= WHAT THE TASK ASKS =
From the line containing "ハーフトラックプロダクツ | STORES" to the final line of the material below, return every line exactly. Do not include pictures.

= GIVEN INFORMATION =
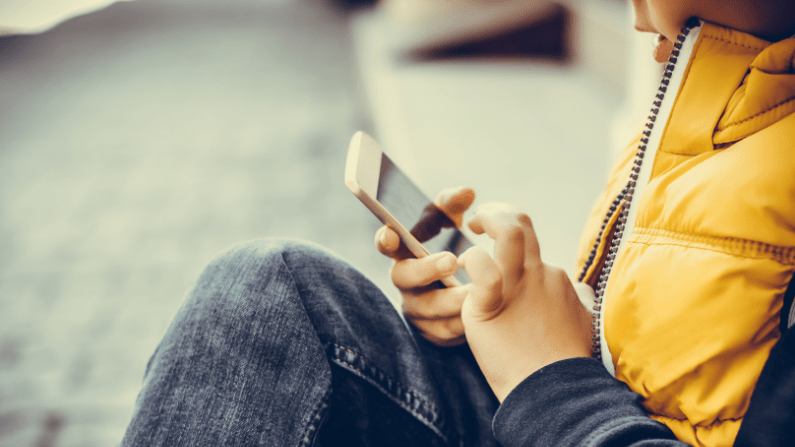 LMDS_Telephone et enfants-min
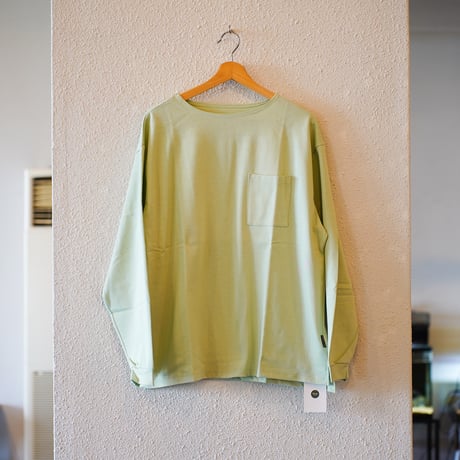 ハーフトラックプロダクツ | STORES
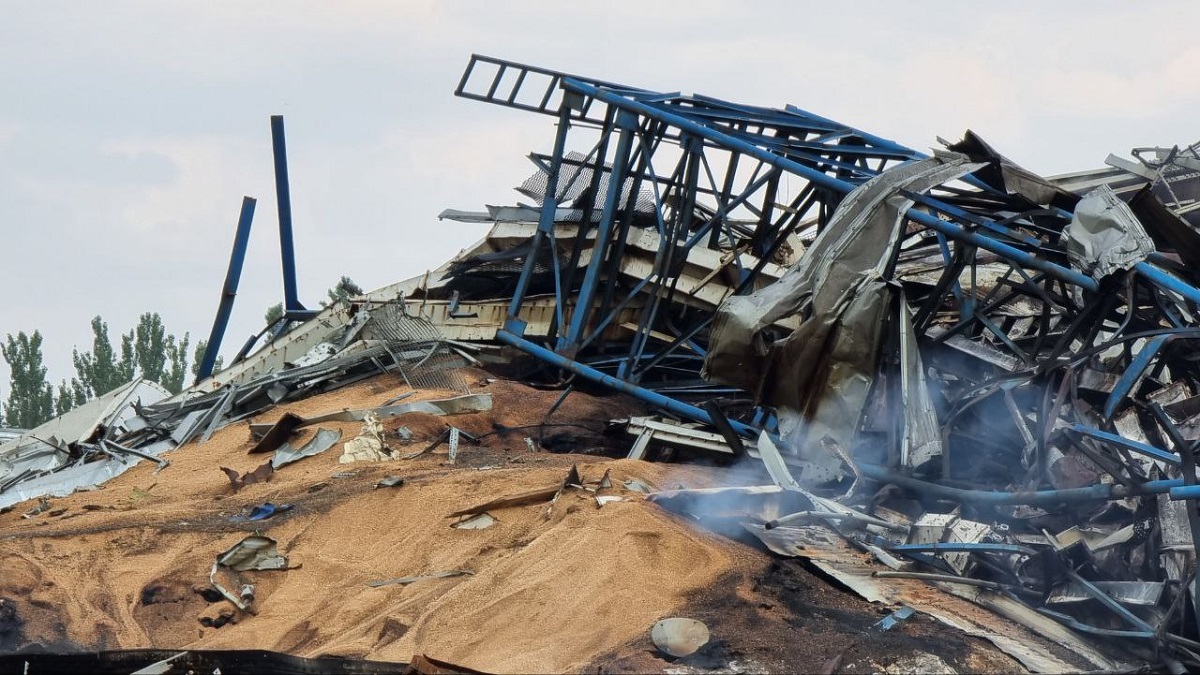 In beeld: zo vernietigt het Oekraïense leger graansilo’s en oogsten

= EXPECTED ANSWER =
 ハーフトラックプロダクツ | STORES
 In beeld: zo vernietigt het Oekraïense leger graansilo’s en oogsten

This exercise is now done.